Two police cruisers pause side by side on a one-way street, waiting to pull into the intersection, even though they have the green light. A white car behind them waits quietly. This is one time you won’t hear impatient honking.
This scene is not an unfamiliar one, taking place only blocks from a police station. It reveals something that isn’t immediately obvious from living in a city: that a poor urban neighborhood is not just a suburb minus the jobs and lawns, and plus the dense populations and broke city governments. It is an entirely different existence.
One cruiser pulls out, turns and slows to a halt beside the sidewalk. A small group of middle-aged, mostly bearded men sitting on a stoop eating oranges and grapefruit from a produce shop next door raise their eyebrows. Their laughter and animated anecdotes fade away.
“They ain’t coming for me, that’s for sure,” one of the men tries to joke, his hushed voice giving away his self-assured attempt to break the tension.
And just like that, the cruiser pulls away, the policeman inside talking into a radio receiver, his emotionless face giving up nothing.
Clearly, the experience was different for those men than it was for me. The last time I saw a cop slow down as he approached me, it turned out to be my old youth group adviser, who saw me and stopped to catch up on things.
And yet, North Philadelpians are not so different. Down a side street, a man walking into his house jokingly demands a little girl sitting on a stoop next door give up her ice cream, to which he gets a gleeful, high-pitched denial.
What then creates such a different experience for those in a poor urban neighborhood year after year after year? One academic has an idea as to what keeps people from scrappily working their way out of poverty, and that is poverty itself.
That man, Charles Karelis, a professor at George Washington University, put forth his ideas in a book called The Persistence of Poverty: Why the Economics of the Well-Off Can’t Help the Poor. This theory runs counter to the various explanations of why the poor stay poor that have been bandied around. Basically, Karelis is claiming that it is the multitude of financial problems that discourage those in poverty to work harder or save more to dig themselves out of the hole they are in.
For example, if you have one bill that you have trouble paying, you can put in overtime or spend less money, and take care of the bill within a relatively short period. On the other hand, if you have eight bills you can’t pay, then you can work a lot of overtime, or become a complete miser, and still have bills you can’t pay. In the end, what’s the use?

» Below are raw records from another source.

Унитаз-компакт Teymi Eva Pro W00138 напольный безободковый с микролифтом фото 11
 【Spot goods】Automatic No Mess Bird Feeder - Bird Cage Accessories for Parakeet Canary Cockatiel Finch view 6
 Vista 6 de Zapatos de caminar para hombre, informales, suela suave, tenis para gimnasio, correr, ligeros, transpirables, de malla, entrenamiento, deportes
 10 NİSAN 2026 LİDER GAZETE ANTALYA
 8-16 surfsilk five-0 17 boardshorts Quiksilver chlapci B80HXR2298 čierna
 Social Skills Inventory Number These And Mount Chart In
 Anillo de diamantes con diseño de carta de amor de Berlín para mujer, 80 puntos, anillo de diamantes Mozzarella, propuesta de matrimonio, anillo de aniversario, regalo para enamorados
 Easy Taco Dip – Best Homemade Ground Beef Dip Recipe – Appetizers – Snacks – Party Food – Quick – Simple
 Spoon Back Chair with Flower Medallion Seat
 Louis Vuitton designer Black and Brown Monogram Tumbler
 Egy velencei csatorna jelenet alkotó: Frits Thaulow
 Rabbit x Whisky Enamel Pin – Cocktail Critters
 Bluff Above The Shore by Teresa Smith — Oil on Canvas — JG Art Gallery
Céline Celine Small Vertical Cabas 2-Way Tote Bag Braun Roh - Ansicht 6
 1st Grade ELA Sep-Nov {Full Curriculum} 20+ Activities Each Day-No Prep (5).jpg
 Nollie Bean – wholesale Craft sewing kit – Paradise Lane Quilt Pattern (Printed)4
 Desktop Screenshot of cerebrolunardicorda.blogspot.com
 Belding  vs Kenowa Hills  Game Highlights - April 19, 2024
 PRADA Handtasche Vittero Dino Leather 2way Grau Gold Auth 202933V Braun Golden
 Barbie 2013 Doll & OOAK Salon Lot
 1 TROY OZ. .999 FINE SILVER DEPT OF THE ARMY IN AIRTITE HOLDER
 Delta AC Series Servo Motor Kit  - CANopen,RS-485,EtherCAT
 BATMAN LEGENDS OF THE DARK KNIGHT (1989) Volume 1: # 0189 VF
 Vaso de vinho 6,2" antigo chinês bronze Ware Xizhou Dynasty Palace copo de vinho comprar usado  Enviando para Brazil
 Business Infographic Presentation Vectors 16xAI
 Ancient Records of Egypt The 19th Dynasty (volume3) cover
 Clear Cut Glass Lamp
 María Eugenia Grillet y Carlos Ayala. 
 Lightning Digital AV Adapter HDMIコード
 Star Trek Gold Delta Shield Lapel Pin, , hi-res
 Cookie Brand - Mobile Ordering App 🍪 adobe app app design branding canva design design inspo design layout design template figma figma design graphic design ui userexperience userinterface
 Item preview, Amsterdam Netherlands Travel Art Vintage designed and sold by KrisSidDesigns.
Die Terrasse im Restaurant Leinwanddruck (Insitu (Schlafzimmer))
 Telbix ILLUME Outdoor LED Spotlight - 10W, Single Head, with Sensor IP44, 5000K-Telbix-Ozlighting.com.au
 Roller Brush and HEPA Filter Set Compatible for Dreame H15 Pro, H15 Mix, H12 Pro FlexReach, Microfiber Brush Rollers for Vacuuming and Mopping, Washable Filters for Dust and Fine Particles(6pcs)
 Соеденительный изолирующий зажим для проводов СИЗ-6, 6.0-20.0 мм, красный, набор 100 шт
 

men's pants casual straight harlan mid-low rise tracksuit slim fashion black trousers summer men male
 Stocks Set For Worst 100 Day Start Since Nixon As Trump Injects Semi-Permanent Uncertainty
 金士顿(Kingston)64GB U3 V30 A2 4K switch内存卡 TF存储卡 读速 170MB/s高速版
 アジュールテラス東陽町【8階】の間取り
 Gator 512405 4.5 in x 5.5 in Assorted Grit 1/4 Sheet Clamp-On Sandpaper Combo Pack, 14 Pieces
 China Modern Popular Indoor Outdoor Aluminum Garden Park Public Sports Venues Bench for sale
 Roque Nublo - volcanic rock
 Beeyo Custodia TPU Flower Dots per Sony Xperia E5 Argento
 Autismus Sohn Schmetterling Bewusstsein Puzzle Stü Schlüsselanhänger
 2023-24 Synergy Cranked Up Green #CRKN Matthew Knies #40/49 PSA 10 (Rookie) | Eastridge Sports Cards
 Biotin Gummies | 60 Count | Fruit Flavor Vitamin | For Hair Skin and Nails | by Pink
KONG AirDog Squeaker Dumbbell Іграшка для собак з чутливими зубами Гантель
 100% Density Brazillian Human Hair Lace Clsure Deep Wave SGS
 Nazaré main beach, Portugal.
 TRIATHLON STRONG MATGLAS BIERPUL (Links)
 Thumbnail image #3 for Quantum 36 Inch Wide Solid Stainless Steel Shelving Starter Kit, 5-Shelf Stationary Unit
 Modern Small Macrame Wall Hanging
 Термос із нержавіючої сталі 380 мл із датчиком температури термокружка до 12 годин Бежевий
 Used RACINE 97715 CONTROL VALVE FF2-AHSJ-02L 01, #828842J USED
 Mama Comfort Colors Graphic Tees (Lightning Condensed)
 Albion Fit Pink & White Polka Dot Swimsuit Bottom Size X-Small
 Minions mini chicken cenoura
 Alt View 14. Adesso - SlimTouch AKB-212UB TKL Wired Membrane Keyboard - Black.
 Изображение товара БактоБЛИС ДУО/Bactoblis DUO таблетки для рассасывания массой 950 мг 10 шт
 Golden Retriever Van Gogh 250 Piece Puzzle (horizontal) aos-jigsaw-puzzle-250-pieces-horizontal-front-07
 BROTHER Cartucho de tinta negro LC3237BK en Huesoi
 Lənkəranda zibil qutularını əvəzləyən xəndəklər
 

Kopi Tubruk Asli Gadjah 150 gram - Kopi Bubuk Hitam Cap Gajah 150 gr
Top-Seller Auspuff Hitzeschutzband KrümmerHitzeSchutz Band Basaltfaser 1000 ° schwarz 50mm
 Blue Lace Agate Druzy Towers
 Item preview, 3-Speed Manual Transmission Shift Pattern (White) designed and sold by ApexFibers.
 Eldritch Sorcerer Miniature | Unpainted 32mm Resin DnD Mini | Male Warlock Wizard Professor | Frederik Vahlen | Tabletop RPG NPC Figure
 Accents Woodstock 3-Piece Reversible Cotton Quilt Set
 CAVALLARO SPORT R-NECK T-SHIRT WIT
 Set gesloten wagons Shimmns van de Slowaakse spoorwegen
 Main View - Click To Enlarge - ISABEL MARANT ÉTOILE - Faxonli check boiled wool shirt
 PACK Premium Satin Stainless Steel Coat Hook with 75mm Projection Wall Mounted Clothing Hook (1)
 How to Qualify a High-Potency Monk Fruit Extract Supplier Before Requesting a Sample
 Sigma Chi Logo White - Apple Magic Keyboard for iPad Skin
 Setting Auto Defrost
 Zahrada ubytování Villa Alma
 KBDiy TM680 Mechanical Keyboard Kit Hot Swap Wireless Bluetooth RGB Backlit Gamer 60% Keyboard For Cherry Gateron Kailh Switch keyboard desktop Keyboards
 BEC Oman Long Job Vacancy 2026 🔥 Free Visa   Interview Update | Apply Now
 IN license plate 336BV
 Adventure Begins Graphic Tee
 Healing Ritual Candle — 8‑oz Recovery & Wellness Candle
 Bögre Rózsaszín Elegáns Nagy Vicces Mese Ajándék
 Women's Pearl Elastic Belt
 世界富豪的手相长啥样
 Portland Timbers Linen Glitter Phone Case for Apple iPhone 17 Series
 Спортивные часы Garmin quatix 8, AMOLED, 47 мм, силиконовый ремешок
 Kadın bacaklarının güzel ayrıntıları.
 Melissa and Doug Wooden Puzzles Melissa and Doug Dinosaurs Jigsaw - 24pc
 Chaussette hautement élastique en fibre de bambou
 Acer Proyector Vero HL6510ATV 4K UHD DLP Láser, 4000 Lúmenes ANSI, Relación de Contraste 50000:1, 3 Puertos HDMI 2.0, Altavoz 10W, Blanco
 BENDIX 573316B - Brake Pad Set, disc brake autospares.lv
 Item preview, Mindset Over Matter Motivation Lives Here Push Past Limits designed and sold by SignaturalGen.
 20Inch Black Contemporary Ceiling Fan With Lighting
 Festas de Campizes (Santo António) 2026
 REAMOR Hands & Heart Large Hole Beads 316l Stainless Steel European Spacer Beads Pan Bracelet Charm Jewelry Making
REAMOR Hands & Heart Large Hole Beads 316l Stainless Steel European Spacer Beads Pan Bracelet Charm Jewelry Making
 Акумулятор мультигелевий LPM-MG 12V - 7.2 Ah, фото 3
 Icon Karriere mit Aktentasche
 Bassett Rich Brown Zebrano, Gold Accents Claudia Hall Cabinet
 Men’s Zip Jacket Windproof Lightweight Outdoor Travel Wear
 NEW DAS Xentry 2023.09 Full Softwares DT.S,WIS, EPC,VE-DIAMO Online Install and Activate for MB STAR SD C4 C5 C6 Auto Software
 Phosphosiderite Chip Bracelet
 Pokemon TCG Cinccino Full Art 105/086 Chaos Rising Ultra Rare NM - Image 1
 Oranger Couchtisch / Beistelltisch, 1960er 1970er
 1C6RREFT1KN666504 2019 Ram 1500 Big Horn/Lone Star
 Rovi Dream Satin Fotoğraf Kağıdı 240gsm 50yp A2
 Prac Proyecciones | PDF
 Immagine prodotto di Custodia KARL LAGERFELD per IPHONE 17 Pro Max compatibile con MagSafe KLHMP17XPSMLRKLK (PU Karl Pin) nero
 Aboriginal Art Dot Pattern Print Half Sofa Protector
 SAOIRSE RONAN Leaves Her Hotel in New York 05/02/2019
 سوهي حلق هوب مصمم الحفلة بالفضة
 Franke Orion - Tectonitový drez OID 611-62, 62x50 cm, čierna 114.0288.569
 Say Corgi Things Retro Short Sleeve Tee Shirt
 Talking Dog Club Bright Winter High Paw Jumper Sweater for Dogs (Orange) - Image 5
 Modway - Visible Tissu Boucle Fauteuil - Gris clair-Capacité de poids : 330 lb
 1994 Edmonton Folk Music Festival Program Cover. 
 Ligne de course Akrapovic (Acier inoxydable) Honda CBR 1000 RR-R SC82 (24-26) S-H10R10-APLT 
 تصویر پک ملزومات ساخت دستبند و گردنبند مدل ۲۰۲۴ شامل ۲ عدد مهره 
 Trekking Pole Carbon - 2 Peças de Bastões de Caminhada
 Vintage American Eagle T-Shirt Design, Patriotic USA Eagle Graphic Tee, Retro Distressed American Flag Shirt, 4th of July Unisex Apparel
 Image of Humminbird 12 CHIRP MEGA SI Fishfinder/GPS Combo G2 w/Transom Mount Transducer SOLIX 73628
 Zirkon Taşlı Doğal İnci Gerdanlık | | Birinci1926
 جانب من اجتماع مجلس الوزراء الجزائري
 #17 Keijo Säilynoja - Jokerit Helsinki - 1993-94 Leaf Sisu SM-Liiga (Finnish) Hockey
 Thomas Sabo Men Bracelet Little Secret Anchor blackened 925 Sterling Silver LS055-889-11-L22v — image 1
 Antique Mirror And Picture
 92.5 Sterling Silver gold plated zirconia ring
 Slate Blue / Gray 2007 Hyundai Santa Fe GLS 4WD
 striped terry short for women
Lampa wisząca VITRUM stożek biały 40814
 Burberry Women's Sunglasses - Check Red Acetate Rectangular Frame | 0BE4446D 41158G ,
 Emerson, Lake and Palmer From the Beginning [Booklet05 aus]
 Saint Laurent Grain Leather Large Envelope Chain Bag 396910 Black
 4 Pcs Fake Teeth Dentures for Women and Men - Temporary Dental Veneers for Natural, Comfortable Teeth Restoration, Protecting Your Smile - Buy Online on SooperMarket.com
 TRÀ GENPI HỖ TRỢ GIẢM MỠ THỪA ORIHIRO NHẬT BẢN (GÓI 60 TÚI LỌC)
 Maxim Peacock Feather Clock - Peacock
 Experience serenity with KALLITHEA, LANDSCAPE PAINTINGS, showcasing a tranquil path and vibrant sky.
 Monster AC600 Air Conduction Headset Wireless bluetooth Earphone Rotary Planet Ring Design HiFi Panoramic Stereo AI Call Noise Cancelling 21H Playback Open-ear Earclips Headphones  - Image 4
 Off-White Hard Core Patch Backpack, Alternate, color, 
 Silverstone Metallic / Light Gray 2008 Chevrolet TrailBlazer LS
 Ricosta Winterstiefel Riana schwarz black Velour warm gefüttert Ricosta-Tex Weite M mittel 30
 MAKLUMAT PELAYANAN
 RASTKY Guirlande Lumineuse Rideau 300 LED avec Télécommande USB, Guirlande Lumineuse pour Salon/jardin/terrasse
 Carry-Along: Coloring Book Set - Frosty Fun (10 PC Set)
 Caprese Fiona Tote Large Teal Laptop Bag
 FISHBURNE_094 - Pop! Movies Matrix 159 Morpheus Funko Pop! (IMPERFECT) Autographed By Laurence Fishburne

In this context, it isn’t hard to see why the poor are more likely to spend money when they get it, and not save as much either. While the middle and upper classes can take motivation by the thought of buying a new car, vacation, or home, the 36.5 million people under the poverty line in the United States have only more bills to look forward to.
Granted, this poverty theory does not apply across the board. There are those who struggle and scrimp and save, and move up in the world. However, a phenomenon known as “stickiness at the ends,” the tendency of those born at the bottom economic rung to still be there in adulthood, means 42 percent of people in abject poverty will be there for life.
Circumstances like this could easily lead to the mentality the group of men held towards the police cruisers. They weren’t guilty of anything, but it didn’t really matter. They can stay clean their entire lives, and still be in the same place they were when they were born.